Instructions to follow:
Your answer should be only the lines below from the one with "Що сталося із" to the one with "The Impact of", repeated exactly, ends included.

Provided material:
◇ ◇ ◇
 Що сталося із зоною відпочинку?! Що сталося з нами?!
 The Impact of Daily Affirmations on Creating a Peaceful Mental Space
◇ ◇ ◇
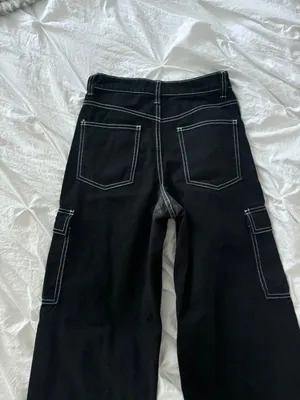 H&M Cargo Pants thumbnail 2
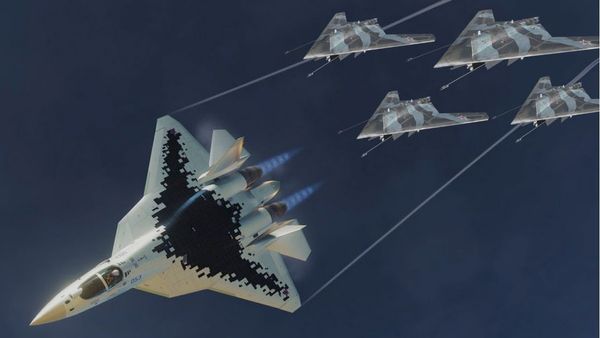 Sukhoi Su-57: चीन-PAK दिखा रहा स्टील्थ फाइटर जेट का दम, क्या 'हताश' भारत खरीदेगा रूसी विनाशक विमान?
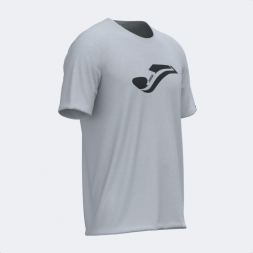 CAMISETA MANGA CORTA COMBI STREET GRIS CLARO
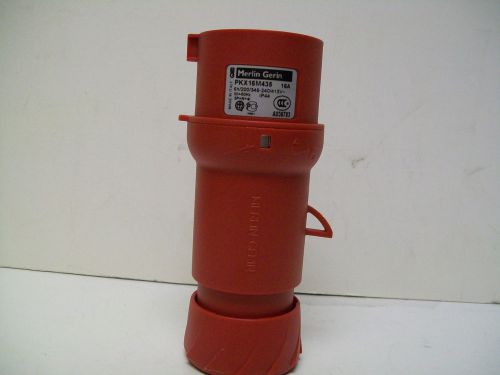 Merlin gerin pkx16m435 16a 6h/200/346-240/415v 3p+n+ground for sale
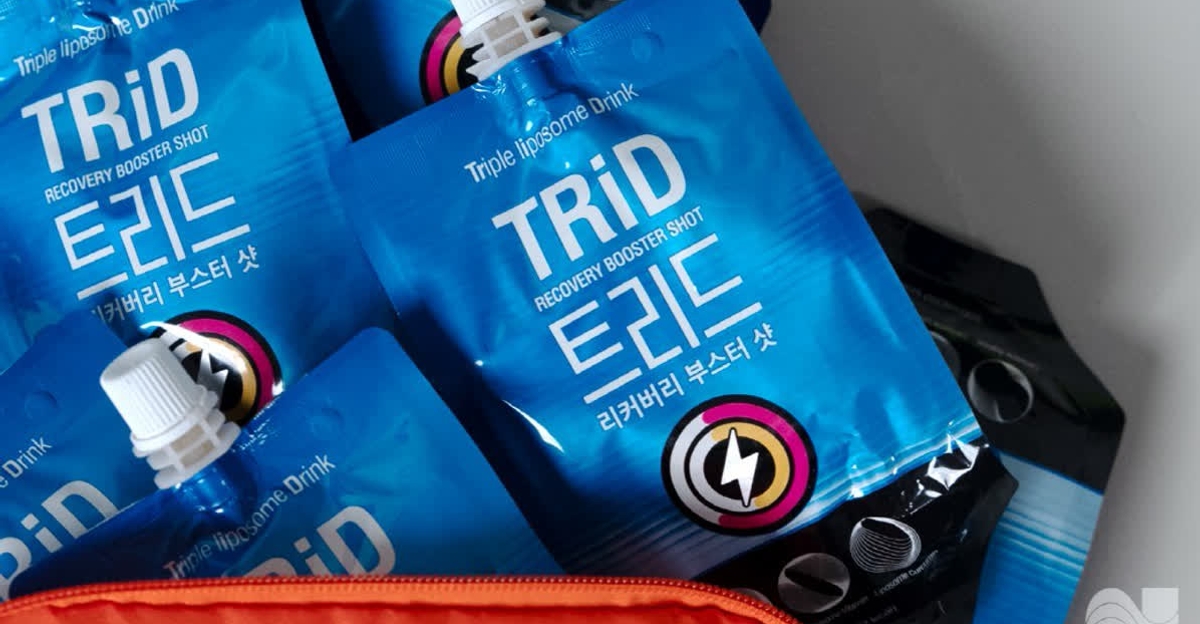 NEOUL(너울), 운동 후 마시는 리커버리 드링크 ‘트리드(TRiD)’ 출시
◇ ◇ ◇
Problem solution:
 Що сталося із зоною відпочинку?! Що сталося з нами?!
 The Impact of Daily Affirmations on Creating a Peaceful Mental Space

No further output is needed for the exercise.